“Since my diagnoses and treatment, I have been able witness the birth of my granddaughter and attend my youngest daughter’s wedding,” said Lisa Haws-Beck, two time breast cancer survivor, wife, mother, grandmother, daughter and sibling. “I look forward to seeing my oldest granddaughter graduate from high school next year and watching my other granddaughters grow up.”

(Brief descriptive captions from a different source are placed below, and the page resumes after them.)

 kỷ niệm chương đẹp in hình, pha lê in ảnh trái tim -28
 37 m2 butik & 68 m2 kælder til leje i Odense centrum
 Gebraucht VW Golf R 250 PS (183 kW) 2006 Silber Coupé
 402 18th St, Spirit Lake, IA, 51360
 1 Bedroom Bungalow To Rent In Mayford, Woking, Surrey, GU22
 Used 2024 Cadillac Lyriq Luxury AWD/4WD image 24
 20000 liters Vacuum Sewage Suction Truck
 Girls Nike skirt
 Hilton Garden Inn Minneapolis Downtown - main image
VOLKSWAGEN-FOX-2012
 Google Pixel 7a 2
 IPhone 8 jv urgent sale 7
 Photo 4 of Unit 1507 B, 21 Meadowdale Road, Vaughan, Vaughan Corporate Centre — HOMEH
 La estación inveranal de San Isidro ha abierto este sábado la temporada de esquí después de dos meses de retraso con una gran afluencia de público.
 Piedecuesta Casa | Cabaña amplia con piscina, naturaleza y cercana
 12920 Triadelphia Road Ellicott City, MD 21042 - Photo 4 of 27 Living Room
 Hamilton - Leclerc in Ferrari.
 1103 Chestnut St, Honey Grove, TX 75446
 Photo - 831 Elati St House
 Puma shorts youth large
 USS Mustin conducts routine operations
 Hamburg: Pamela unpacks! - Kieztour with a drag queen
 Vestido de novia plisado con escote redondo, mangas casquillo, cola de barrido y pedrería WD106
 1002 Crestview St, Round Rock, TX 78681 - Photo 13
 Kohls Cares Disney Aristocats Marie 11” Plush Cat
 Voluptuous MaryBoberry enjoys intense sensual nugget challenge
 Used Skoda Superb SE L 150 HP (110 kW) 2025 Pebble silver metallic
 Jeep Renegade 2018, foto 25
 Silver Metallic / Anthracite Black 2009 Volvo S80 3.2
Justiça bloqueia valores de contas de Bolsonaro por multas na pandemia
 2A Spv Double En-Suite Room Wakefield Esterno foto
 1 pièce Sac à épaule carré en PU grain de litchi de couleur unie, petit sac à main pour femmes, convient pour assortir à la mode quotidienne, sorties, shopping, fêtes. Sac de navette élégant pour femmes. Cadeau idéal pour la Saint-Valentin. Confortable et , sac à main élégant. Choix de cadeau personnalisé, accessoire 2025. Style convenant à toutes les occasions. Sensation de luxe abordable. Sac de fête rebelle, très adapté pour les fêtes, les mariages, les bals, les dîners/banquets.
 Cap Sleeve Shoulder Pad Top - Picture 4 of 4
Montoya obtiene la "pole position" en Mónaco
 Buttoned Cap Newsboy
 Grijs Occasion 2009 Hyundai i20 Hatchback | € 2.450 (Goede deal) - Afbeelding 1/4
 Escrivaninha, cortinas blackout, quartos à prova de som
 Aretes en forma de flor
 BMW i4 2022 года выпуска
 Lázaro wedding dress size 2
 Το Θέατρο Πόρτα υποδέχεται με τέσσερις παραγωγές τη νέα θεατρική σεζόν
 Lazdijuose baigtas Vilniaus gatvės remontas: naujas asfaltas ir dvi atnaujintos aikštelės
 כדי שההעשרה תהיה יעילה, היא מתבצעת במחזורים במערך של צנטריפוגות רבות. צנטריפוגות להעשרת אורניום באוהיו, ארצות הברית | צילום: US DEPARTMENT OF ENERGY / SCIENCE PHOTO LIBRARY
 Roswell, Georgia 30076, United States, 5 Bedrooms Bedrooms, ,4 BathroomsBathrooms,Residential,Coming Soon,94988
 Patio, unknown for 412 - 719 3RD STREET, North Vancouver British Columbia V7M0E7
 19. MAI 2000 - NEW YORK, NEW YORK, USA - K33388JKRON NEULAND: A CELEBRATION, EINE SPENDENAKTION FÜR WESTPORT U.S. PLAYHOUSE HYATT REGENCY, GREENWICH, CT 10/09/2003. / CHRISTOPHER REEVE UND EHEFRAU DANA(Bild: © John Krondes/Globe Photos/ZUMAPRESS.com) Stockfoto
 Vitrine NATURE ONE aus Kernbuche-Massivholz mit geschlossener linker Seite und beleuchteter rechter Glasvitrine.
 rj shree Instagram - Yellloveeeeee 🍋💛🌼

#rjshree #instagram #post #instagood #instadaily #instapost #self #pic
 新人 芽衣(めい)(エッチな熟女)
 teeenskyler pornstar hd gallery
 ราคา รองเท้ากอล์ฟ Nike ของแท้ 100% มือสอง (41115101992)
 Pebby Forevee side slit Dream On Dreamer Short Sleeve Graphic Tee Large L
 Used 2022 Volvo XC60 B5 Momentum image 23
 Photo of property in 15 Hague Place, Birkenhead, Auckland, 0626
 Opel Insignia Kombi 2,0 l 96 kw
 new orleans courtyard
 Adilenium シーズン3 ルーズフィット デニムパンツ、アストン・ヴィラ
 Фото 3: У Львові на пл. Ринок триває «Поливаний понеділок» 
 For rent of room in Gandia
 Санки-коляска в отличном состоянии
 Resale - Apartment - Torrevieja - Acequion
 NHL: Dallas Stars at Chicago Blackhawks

Experts estimate that about one out of every eight women born today will be diagnosed with breast cancer at some time during her life. The good news for women is that screening technologies, including digital mammography, combined with a better understanding of who is at the highest risk means we are better equipped to find and treat cancers earlier than ever before.
Hearing your doctor say, ‘you have breast cancer’ is overwhelming, scary and often shocking. Haws-Beck has heard it twice. She was first diagnosed in 2011 with stage 1 cancer and then again in 2014.
“I have always gone in since I was in my 40s,” Haws-Beck said. “I was religious about annual screenings and I am very thankful we caught it early. I had surgery and radiation in 2011 and a bilateral mastectomy in 2014. We do so many things on a schedule: PTA meetings, dental cleaning, hair appointment, annual exams and celebrations; you don’t want to look back and say, ‘I wish I had.’”
According to Health and Welfare, cancer is one of the leading causes of death in Idaho. Each year, approximately 8,500 Idahoans are diagnosed with cancer. Of concern is that Idaho ranks 50th in the nation for breast cancer screening; 52nd for cervical cancer screening; and 40th for colorectal cancer screening.
October, breast cancer awareness month, focuses on the prevention and early detection of breast cancer, the second most common cancer among women in the United States. When found early, there are more treatment options and a better chance for survival. Women whose breast cancer is detected at an early stage have a 93 percent or higher survival rate in the first five years.
Cancer affects family and friends, not just the person with the disease. “It affects children more than we think,” said Haws-Beck. “My daughters panicked and the ripple effect grew and affected each of those I love and those in my support circle differently.”
Cancer treatment is tough enough without having to travel, stay in hotels, and incur other expenses. Portneuf Cancer Center provides medical oncology, radiation oncology, dietitians, and social workers all under one roof. As a team, the seamless care they provide in one location makes a difference.
“Being able to have my radiation here was the only way I could have done the treatment,” Haws-Beck said. “Having a cancer center here and the staff that we have is so nice. You might not know it is here until you need it, and then this center becomes part of your family and they truly care.”
The National Comprehensive Cancer Network (NCCN) guidelines set the standard of care for the treatment of cancer patients. The Portneuf Cancer Center, like other cancer centers across the country, follows published guidelines for cancer prevention, diagnosis, and treatment as established by the NCCN.
While navigating the treatment path can seem like a medical maze when you are first diagnosed, Portneuf Cancer Center remains dedicated to the human touch—one filled with open arms, caring and compassionate support, and a deep-rooted commitment to excellence.